- **What you are asked to do**
Only the text belongs in the answer: every line of the records below, transcribed exactly.

[Dataset entries]
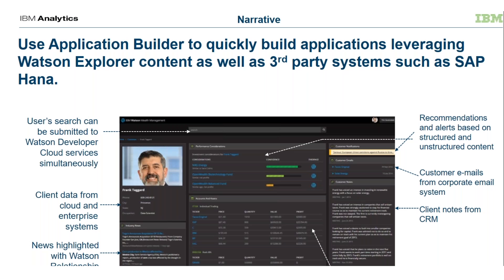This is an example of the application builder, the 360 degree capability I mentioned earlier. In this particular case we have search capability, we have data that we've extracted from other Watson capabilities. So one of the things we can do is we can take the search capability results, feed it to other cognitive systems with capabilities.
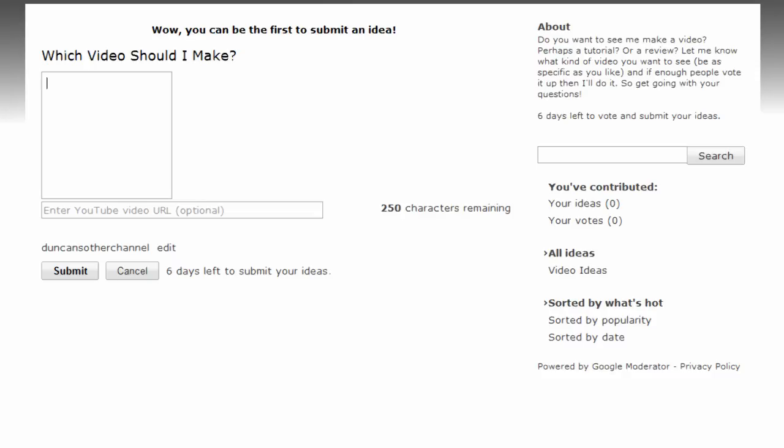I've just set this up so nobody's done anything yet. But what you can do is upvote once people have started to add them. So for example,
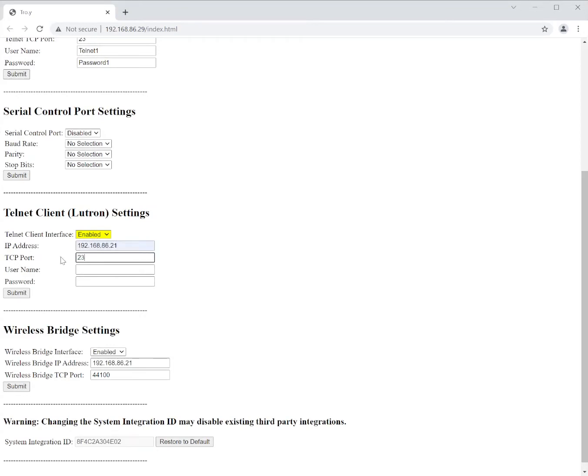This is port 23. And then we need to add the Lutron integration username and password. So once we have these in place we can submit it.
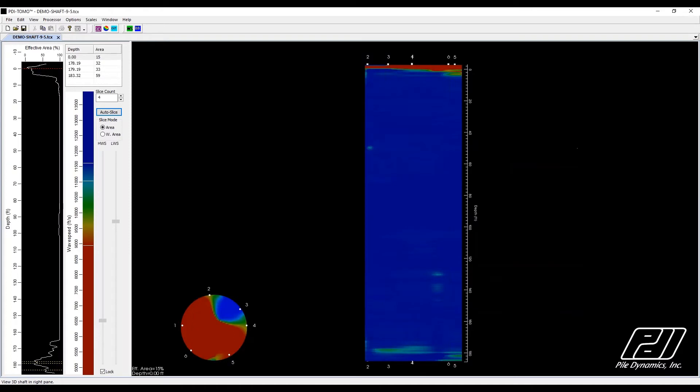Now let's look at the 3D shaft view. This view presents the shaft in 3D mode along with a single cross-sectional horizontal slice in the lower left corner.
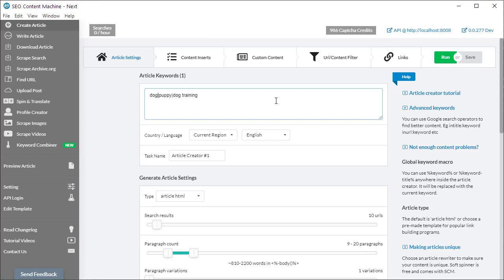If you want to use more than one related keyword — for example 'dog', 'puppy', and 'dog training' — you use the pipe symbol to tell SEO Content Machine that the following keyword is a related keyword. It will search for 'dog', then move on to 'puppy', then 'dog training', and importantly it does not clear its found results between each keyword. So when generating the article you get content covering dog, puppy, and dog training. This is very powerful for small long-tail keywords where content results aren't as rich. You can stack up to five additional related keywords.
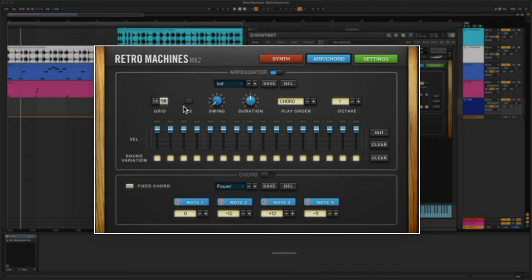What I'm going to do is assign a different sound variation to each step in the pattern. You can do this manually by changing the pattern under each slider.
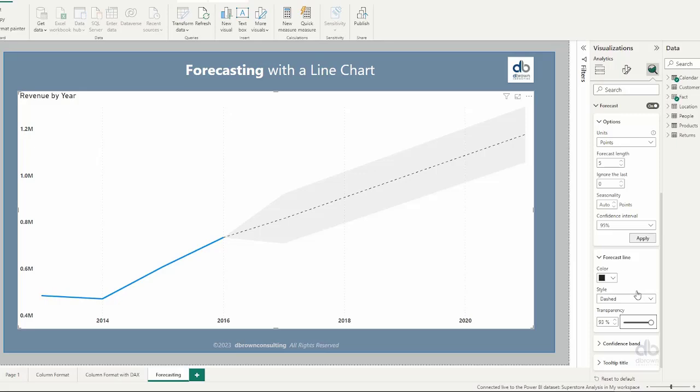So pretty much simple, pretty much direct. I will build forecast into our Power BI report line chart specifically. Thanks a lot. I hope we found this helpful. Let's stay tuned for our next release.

- **Task response**
This is an example of the application builder, the 360 degree capability I mentioned earlier. In this particular case we have search capability, we have data that we've extracted from other Watson capabilities. So one of the things we can do is we can take the search capability results, feed it to other cognitive systems with capabilities.
I've just set this up so nobody's done anything yet. But what you can do is upvote once people have started to add them. So for example,
This is port 23. And then we need to add the Lutron integration username and password. So once we have these in place we can submit it.
Now let's look at the 3D shaft view. This view presents the shaft in 3D mode along with a single cross-sectional horizontal slice in the lower left corner.
If you want to use more than one related keyword — for example 'dog', 'puppy', and 'dog training' — you use the pipe symbol to tell SEO Content Machine that the following keyword is a related keyword. It will search for 'dog', then move on to 'puppy', then 'dog training', and importantly it does not clear its found results between each keyword. So when generating the article you get content covering dog, puppy, and dog training. This is very powerful for small long-tail keywords where content results aren't as rich. You can stack up to five additional related keywords.
What I'm going to do is assign a different sound variation to each step in the pattern. You can do this manually by changing the pattern under each slider.
So pretty much simple, pretty much direct. I will build forecast into our Power BI report line chart specifically. Thanks a lot. I hope we found this helpful. Let's stay tuned for our next release.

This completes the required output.